Natural Geometry of Robust Data Attribution: From Convex Models to Deep Networks
Shihao Li, Jiachen Li, Dongmei Chen
TL;DR
This work addresses the fragility of data attribution under distributional shifts by proposing certified robust attribution via Wasserstein DRO. It reveals a spectral amplification barrier in deep networks under Euclidean geometry and introduces the Natural Wasserstein metric, grounded in the model's feature covariance, to obtain non-vacuous certificates. The key theoretical contribution is the Self-Influence measure, shown to equal the attribution Lipschitz constant under the Natural metric, linking leverage-based anomaly detection to robustness. Empirically, Natural W-TRAK yields non-vacuous certificates (68.7% of ranking pairs on CIFAR-10 with ResNet-18) and enables effective identification of mislabeled data (0.970 AUROC for label-noise detection), providing both practical data valuation and a principled robustness guarantee for attribution in deep networks.
Abstract
Data attribution methods identify which training examples are responsible for a model's predictions, but their sensitivity to distributional perturbations undermines practical reliability. We present a unified framework for certified robust attribution that extends from convex models to deep networks.

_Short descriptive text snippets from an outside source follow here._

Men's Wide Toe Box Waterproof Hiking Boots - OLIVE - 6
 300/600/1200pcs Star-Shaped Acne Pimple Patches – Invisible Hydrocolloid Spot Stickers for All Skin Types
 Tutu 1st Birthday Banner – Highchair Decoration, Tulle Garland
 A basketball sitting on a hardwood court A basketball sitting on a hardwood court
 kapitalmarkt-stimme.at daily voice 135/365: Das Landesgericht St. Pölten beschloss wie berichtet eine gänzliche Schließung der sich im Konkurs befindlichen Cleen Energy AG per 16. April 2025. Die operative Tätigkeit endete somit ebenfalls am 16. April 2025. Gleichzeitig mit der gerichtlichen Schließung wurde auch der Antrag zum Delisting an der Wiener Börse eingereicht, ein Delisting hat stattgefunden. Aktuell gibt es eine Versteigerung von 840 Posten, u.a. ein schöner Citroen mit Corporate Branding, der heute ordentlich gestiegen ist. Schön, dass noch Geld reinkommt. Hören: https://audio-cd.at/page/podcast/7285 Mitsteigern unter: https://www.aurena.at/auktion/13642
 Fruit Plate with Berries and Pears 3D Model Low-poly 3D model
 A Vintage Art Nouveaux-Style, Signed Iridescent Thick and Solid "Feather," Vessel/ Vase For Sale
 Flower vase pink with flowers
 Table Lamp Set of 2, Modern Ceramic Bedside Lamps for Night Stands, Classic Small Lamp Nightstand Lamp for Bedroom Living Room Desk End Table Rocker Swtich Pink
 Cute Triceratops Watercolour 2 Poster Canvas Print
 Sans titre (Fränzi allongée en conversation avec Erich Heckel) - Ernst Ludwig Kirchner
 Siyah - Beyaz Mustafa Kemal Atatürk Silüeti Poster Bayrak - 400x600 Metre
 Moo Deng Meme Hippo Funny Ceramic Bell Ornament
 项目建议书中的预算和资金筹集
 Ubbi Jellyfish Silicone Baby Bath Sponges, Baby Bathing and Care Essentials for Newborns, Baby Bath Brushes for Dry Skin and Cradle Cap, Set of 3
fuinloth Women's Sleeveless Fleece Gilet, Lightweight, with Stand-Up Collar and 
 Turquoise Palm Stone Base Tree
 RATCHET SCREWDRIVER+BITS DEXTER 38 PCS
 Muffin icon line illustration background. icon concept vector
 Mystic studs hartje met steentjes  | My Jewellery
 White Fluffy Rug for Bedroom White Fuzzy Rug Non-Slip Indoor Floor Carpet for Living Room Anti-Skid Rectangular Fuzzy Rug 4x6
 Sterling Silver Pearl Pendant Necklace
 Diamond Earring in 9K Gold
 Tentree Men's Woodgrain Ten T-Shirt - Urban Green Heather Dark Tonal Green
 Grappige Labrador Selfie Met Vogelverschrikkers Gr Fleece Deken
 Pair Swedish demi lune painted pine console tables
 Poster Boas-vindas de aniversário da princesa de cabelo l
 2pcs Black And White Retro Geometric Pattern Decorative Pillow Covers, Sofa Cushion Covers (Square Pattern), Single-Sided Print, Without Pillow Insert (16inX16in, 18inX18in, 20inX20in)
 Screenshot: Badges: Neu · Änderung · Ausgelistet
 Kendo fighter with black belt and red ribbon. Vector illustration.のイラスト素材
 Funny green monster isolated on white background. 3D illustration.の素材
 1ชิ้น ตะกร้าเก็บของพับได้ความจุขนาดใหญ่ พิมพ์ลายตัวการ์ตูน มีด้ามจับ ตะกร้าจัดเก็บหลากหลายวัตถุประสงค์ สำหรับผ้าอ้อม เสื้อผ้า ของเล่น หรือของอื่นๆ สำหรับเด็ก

For convex settings, we derive Wasserstein-Robust Influence Functions (W-RIF) with provable coverage guarantees. For deep networks, we demonstrate that Euclidean certification is rendered vacuous by spectral amplification -- a mechanism where the inherent ill-conditioning of deep representations inflates Lipschitz bounds by over $10{,}000\times$. This explains why standard TRAK scores, while accurate point estimates, are geometrically fragile: naive Euclidean robustness analysis yields 0\% certification. Our key contribution is the Natural Wasserstein metric, which measures perturbations in the geometry induced by the model's own feature covariance. This eliminates spectral amplification, reducing worst-case sensitivity by $76\times$ and stabilizing attribution estimates. On CIFAR-10 with ResNet-18, Natural W-TRAK certifies 68.7\% of ranking pairs compared to 0\% for Euclidean baselines -- to our knowledge, the first non-vacuous certified bounds for neural network attribution. Furthermore, we prove that the Self-Influence term arising from our analysis equals the Lipschitz constant governing attribution stability, providing theoretical grounding for leverage-based anomaly detection. Empirically, Self-Influence achieves 0.970 AUROC for label noise detection, identifying 94.1\% of corrupted labels by examining just the top 20\% of training data.